# Assessing WQP API's via AOI's
- Emilio Mayorga, UW-APL. 2018-4-5
- Run with Python 2.7 using [`odm2client` conda environment](https://github.com/BiG-CZ/wshp2017_tutorial_content/blob/master/clientenvironment.yml), the one created for the [BiGCZ-ODM2 workshop in Nov. 2017](https://github.com/BiG-CZ/bigcz_wshp2017)
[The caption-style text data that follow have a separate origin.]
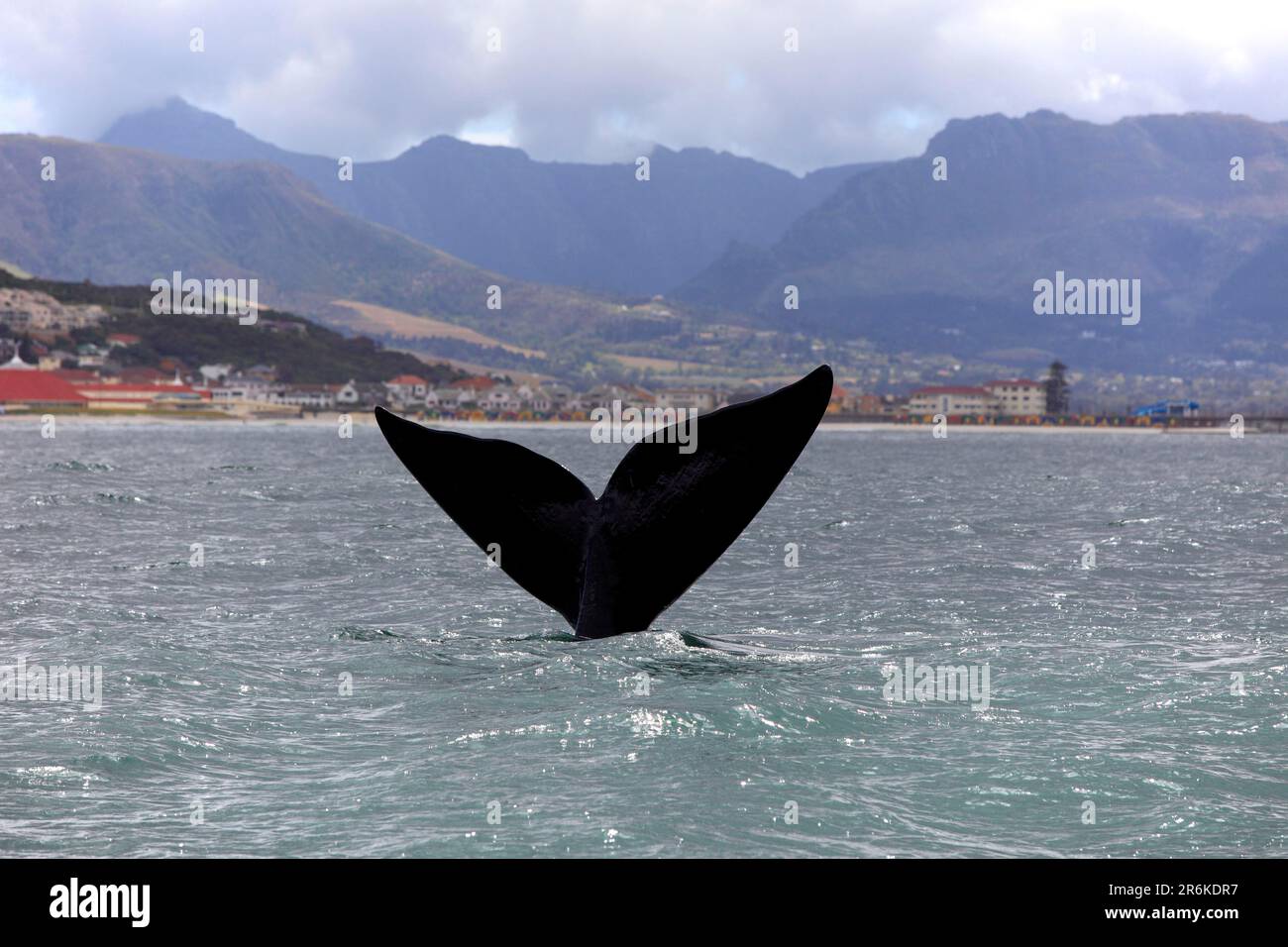 Baleine noire (Eubalaena australis), nageoire à queue, ville de Simon, Afrique du Sud (Balaena glacialis australis) Banque D'Images
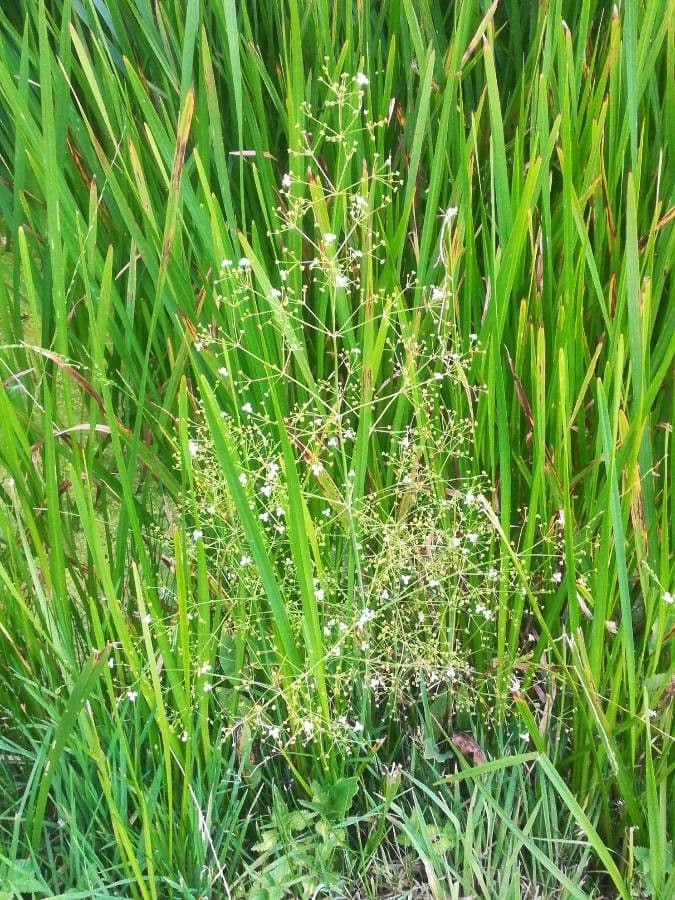 Luronium natans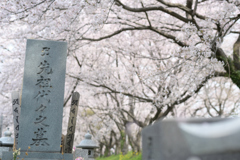 死んで花見と洒落込むか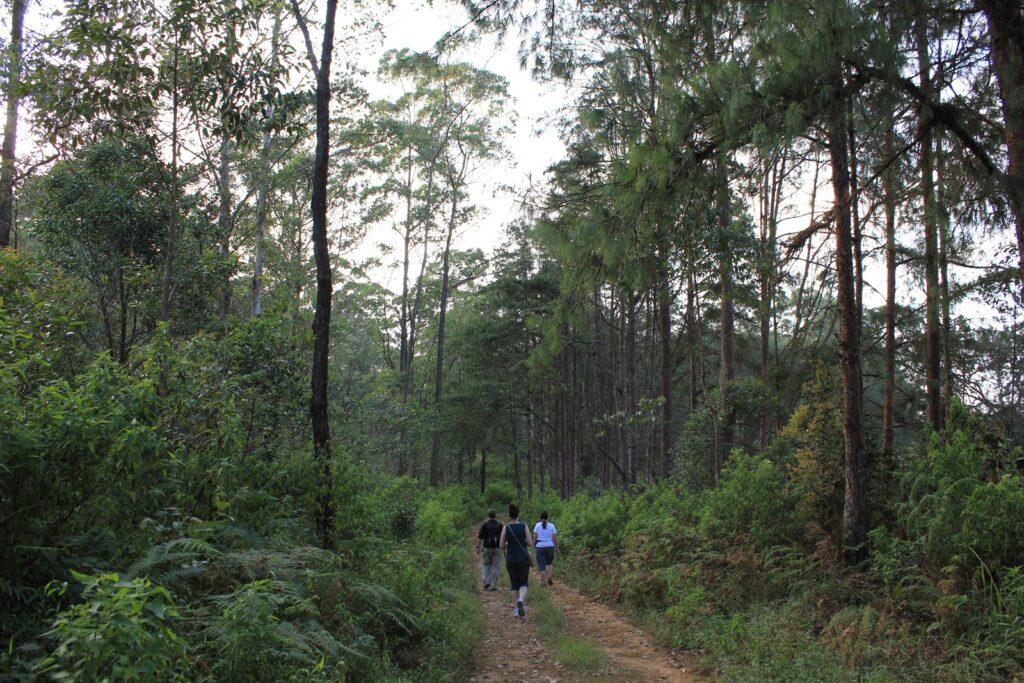 download (1) 3 people with backs to camera walking through a forest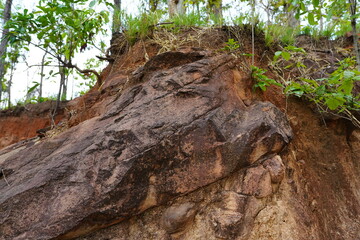 plants grow and natural soil cross section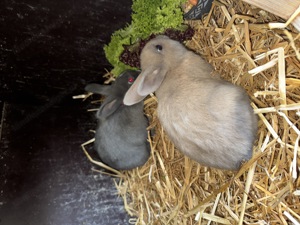 Zwergkaninchen Babys Bild 2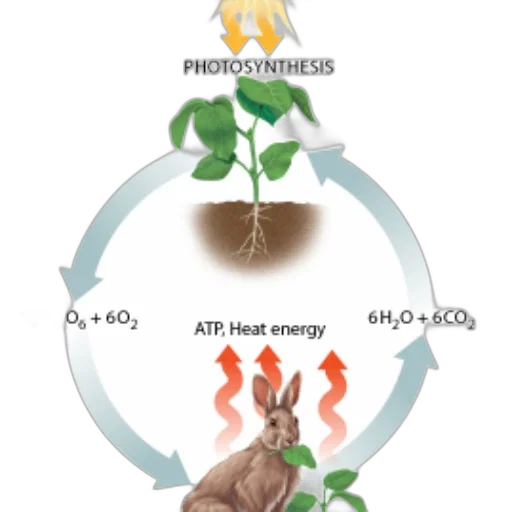diagram, illustrating, process, photosynthesis transparent PNG cut-out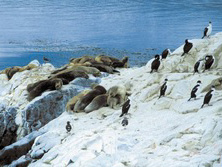 Sdamerika, Chile: Feuerland & Patagonien - Beagles 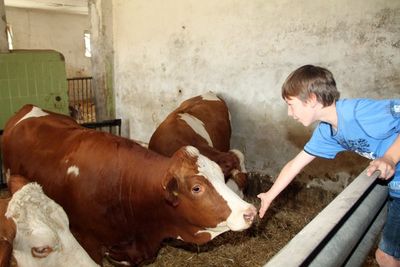 Der Besuch auf dem Bauernhof steigerte sicherlich das Interesse der elf Kinder an der Landwirtschaft.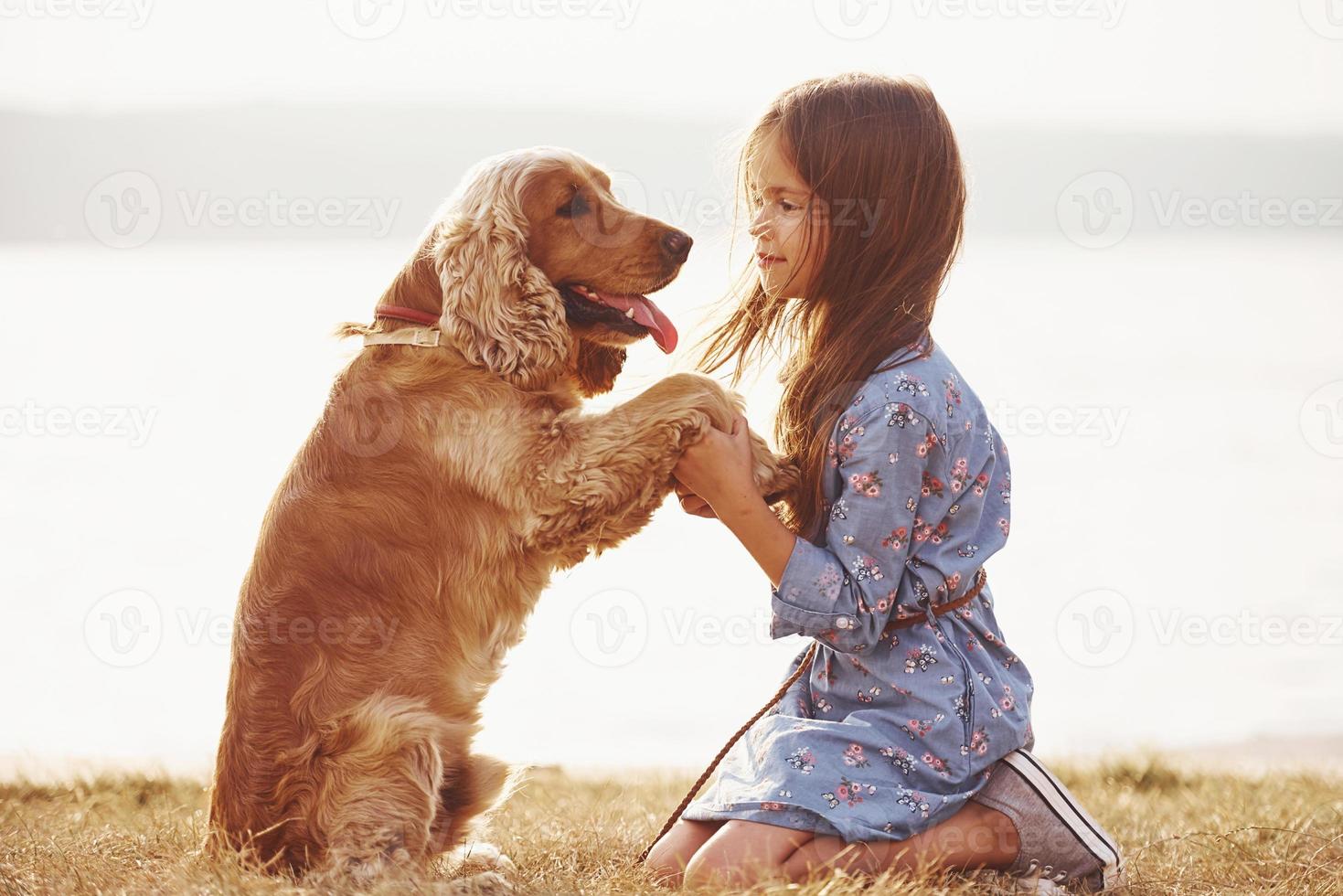 Holding by the hands. Cute little girl have a walk with her dog outdoors at sunny day photo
## Code used to calculate the area in $km^2$ of an AOI bounding box
This AOI is specified in lat-lon coordinates as `bbox = (ymin, xmin, ymax, xmax)`

In [1]:
import numpy as np
from shapely.geometry import Polygon

From https://stackoverflow.com/questions/45733838/how-to-calculate-area-of-a-polygon-with-latitude-and-longitude

In [2]:
def to_polygon_vertices(ymin, xmin, ymax, xmax):
    # list of bounding box vertices, to form a closed polygon
    box_points = [(ymin, xmin), (ymax, xmin), (ymax, xmax), (ymin, xmax), (ymin, xmin)]
    return box_points

def switch_to_xy_coordinates(coordinates):
    # returns x,y coordinates in km
    earth_radius = 6371.0  # in km
    lat_dist = np.pi * earth_radius / 180.0

    latitudes, longitudes = zip(*coordinates)
    y = (lat * lat_dist for lat in latitudes)
    x = (lon * lat_dist * np.cos(np.radians(lat)) for lat, lon in zip(latitudes, longitudes))
    return list(zip(x, y))

def compute_polygon_area(coordinates):
    # returns area in km2
    xy_coordinates = switch_to_xy_coordinates(coordinates)
    return Polygon(xy_coordinates).area

## WQP first tests
[Water Quality Portal Web Services Guide](https://www.waterqualitydata.us/webservices_documentation/)

In [3]:
from collections import OrderedDict
from StringIO import StringIO
import requests as r
import pandas as pd

In [4]:
# url = "https://www.waterqualitydata.us/data/Station/search?characteristicName=Caffeine&bBox=-92.8,44.2,-88.9,46.0&mimeType=tsv&sorted=no"
wsurl = "https://www.waterqualitydata.us/data/Station/search"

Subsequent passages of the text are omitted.